The launch of our new blog featured a striking image of the globe surrounded by arcs of light, set against a blanket of stars. Something to do with communications. Or nuclear war. You can check out the article here.
Once the dust had settled from the launch, the first question asked was about recreating that very image inside HitFilm.
FXHOME’s first new tutorial should be creating in HitFilm the image from the new community page.
When it comes to sourcing this kind of image there’s two options: make it yourself, or use a stock image. For the launch blog post we used a beautiful stock image by Sergey Nivens, as it perfectly represented the concept of a connected world. We recommend checking out Nivens’ other work as it’s all high quality stuff.
If somebody has already made exactly what you need, there’s no point doing it all over again. That is, until Michael James gives you a challenge. That’s when I had to pick up tools and see what I could come up with. This will be very much about the creation of a specific still image, rather than a shot designed for motion.
The sky, full of stars
I’ve covered starfields in previous tutorials, focusing in particular on using the full-on particle simulator to make a genuine, wrap-around 3D star map. Majahr Pictures also contributed a guest tutorial which looked at a range of procedural techniques.
The starfield in Nivens’ original has a very particular construction. It’s not simply a random scattering of dots; it also appears to have a kind of lattice-like structure, with stars clumping together in an organic fashion. There’s also a wide variation of star size, from tiny one-pixel dots to larger glowing orbs.
Using the particle simulator to create this kind of look would have been overkill: it would require far too much particle wrangling. Atomic particles, on the other hand, is very efficient at creating the desired structure.
An atomic particles effect always starts off as an array of dots in a flat grid pattern, which you can then push and pull and twist.
When atomic is first added to a white plane it creates what appears to be a noise pattern. Reducing the number of particles makes it a little more obvious what is going on. Take a look at this atomic grid of 10,000 particles, in which you can easily identify each individual particle:
Atomic is an effect which begs for experimentation. It’s a malleable, deceptively versatile construct. For this starfield I immediately dived into the fractal controls, which are used to apply a more organic warping to the pattern.
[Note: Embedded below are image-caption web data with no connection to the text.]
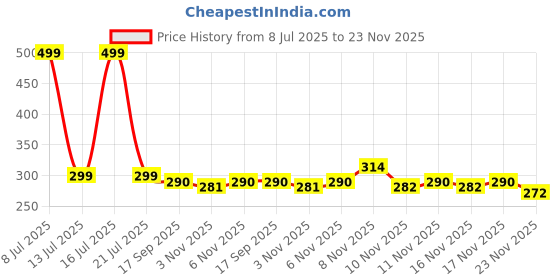 myntra.com PTVIZE Floral Print A-Line Midi Dress ptvize Price History Graph from 8 Jul 2025 to 23 Nov 2025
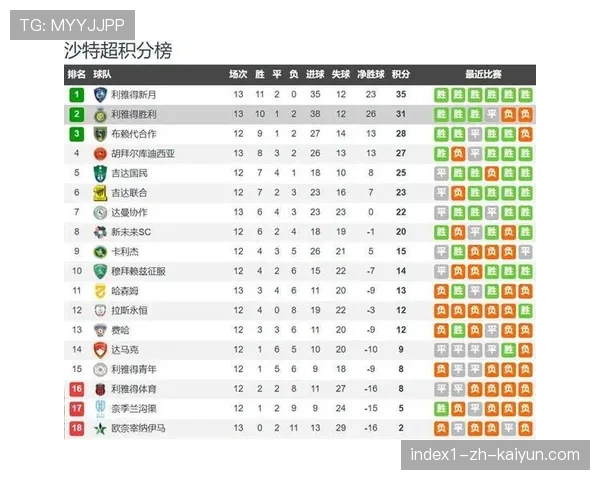 C罗沙特联赛场点射破门 利雅得胜利虽败仍居积分榜次席 C罗沙特联赛场点射破门 利雅得胜利虽败仍居积分榜次席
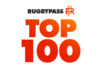 Top 100 Men's Rugby Players 2024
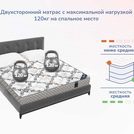 Матрас Димакс Твист Ролл Софт 150х220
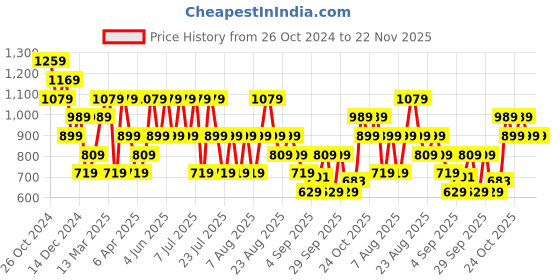 myntra.com Trendyol V-Neck Drop Shoulder Sleeves Longline Top trendyol Price History Graph from 26 Oct 2024 to 21 Nov 2025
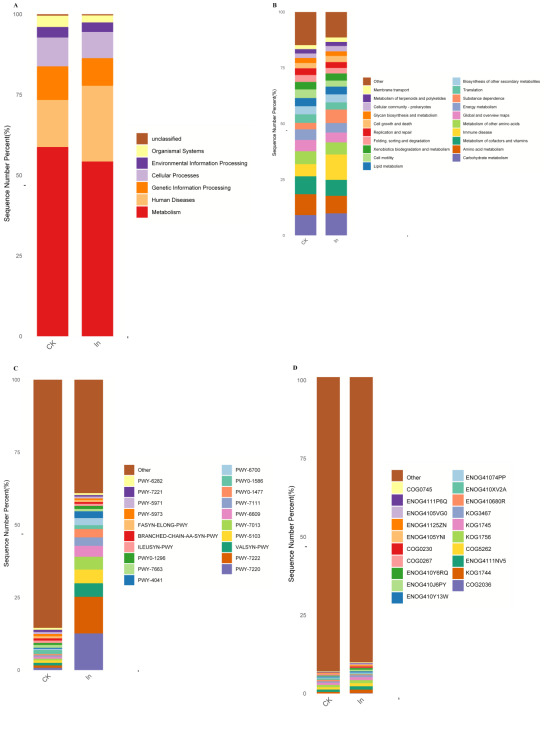 A screenshot of a graph AI-generated content may be incorrect.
The fractal displace property twists and folds the array, like a flag in the wind, creating the appearance of clusters. After being combined with heavy fractal dispersion to break the grid apart, the result is already heading in the right direction.
10,000 particles doesn’t really cut it for this, so I increased the X and Y particle counts to 200 and then set the Z to 3. The Z count determines the number of pattern ‘sheets’, which become all entangled once fractal warping is applied. The additional sheets provide extra depth, with some particles much closer to camera than others.
The particles are far too large at this point, creating an over-busy starfield. Rather than reducing the number of particles I instead adjusted their size properties, first by adjusting the core size property to 4 and then setting the size random to 1. This creates more variation but everything is still too large. Returning to the fractal controls and boosting the size fractal up to 1 introduced an organic size variation and a pleasing final result:
Nivens’ original featured a subtle glow around the star clusters, which can be easily achieved through the addition of a simple glow effect.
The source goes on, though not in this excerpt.